CRNN-based audio tagging for environmental sound classification.

This repository extends the original ksanjeevan/crnn-audio-classification with:

  • Support for ESC-50 dataset (Piczak, 2015) in addition to the original UrbanSound8K dataset
  • Unified codebase for both ESC-50 and UrbanSound8K (dynamic num_classes)
  • Full k-fold cross-validation pipeline (5-fold ESC-50, 10-fold UrbanSound8K)
  • Reproducible multi-seed training via SLURM array jobs
  • Automated hyperparameter optimization via Optuna TPE sampler
  • Batch evaluation, post-processing, and statistical comparison scripts

This repository accompanies the master's thesis: "Comparative Analysis of Deep Learning Architectures for Audio Tagging and Sound Event Detection" Yu Chia Kuo, McGill University, 2026.


Model Architecture

CRNN: 3-layer CNN feature extractor → 2-layer LSTM → Linear classifier

AudioCRNN(
  (spec): MelspectrogramStretch(num_bands=128, fft_len=2048, norm=spec_whiten)
  (net):
    (convs): Conv2d(1→32→64→64) + BN + ELU + MaxPool + Dropout(0.1) × 3
    (recur): LSTM(128, 64, num_layers=2)
    (dense): Dropout(0.3) + BN1d + Linear(64 → num_classes)
)
Trainable parameters: ~256K (10-class) / ~261K (50-class)

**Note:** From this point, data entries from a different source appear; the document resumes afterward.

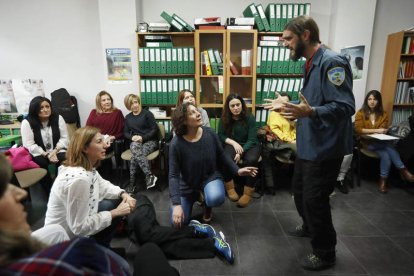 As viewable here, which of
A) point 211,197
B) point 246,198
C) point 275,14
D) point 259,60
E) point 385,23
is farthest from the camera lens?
point 385,23

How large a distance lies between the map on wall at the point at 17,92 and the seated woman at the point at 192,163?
2.83 m

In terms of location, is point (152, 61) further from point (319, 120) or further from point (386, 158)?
point (386, 158)

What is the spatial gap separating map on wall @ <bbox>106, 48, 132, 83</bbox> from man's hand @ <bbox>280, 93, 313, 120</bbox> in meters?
2.65

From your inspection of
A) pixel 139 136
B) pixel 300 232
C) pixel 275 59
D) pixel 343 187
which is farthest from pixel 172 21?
pixel 343 187

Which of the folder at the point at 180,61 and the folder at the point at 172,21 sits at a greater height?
the folder at the point at 172,21

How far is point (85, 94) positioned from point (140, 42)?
117cm

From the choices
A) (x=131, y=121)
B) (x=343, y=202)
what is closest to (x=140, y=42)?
(x=131, y=121)

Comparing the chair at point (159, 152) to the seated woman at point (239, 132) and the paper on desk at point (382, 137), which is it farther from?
the paper on desk at point (382, 137)

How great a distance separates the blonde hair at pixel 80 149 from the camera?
4.83 feet

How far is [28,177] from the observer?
2.32m

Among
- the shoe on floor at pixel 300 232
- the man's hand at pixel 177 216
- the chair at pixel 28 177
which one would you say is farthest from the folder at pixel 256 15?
the chair at pixel 28 177

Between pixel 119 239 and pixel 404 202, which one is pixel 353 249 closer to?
pixel 404 202

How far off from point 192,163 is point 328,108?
1078 mm

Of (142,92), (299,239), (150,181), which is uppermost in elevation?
(142,92) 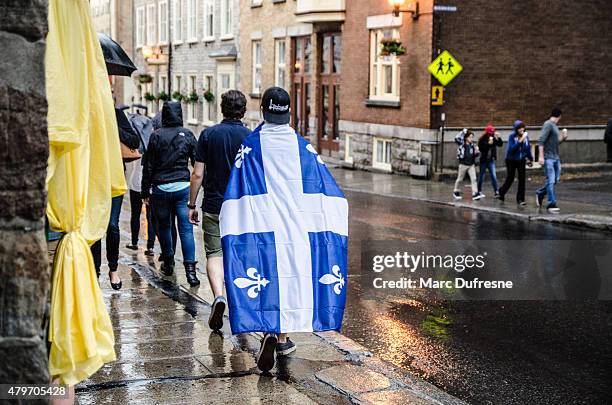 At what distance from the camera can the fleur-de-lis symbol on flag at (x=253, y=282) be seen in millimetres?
6445

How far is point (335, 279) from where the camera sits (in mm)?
6609

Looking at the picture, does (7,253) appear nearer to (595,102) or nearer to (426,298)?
(426,298)

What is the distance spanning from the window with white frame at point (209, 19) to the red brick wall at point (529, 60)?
67.0 ft

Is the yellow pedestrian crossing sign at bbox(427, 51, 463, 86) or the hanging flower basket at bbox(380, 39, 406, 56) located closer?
the yellow pedestrian crossing sign at bbox(427, 51, 463, 86)

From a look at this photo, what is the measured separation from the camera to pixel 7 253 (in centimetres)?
332

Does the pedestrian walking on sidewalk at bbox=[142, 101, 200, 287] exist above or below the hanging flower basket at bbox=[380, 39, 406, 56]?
below

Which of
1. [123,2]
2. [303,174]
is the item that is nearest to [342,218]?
[303,174]

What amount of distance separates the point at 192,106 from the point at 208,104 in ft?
7.31

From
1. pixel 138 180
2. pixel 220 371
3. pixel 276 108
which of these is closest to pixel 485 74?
pixel 138 180

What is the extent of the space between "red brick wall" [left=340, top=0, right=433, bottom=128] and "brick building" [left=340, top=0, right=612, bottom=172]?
0.10ft

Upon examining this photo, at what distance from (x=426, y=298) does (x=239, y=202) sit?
143 inches

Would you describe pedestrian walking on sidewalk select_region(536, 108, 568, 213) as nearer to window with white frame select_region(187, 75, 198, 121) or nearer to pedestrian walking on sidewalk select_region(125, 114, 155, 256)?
pedestrian walking on sidewalk select_region(125, 114, 155, 256)

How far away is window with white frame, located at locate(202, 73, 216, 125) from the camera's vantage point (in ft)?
140

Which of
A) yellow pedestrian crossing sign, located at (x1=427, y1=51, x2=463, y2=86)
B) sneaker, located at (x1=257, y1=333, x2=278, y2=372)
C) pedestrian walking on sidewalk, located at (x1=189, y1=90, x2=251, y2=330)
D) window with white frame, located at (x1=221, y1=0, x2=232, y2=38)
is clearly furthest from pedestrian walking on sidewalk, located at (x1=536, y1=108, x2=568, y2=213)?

Architecture defined in crnn.cfg via torchparse. The final Linear layer output size is dynamically set to num_classes at runtime.


Repository Structure

crnn-at/
├── configs/
│   ├── esc_folds/
│   │   ├── baseline/             config_fold{1-5}.json
│   │   ├── baseline_with_es/     config_fold{1-5}.json
│   │   └── optuna_top1/          fold{1-5}_TOP1.json
│   └── urban_folds/
│       ├── baseline/             config_fold{1-10}.json
│       ├── baseline_with_es/     config_fold{1-10}.json
│       └── optuna_top1/          fold{1-10}_TOP1.json
├── crnn-audio-classification/
│   ├── data/                     CSVDataManager, transforms
│   ├── eval/                     ClassificationEvaluator
│   ├── net/                      AudioCRNN, loss, metrics
│   ├── train/                    Trainer
│   ├── utils/
│   ├── optuna/                   HPO scripts
│   ├── run.py                    Main entry point (train / eval)
│   ├── batch_eval.py             Batch evaluation across folds
│   ├── convert_all_recursive.py  Checkpoint conversion
│   ├── crnn_post_local.py        Post-processing (summary, confusion matrix)
│   ├── compare_baseline_tuned.py Statistical comparison
│   └── crnn.cfg                  Network architecture definition
├── data/                         Symlinks to dataset directories
├── torchaudio-contrib/           Audio processing utilities
├── run_array.sh                  SLURM array job script
├── run_optuna.sh                 SLURM Optuna HPO job script
└── requirements.txt

Setup

1. Create virtual environment

python3.11 -m venv venv
source venv/bin/activate
pip install -r requirements.txt

2. Install additional dependencies

# torchaudio-contrib (from included subdir)
cd torchaudio-contrib && pip install -e . && cd ..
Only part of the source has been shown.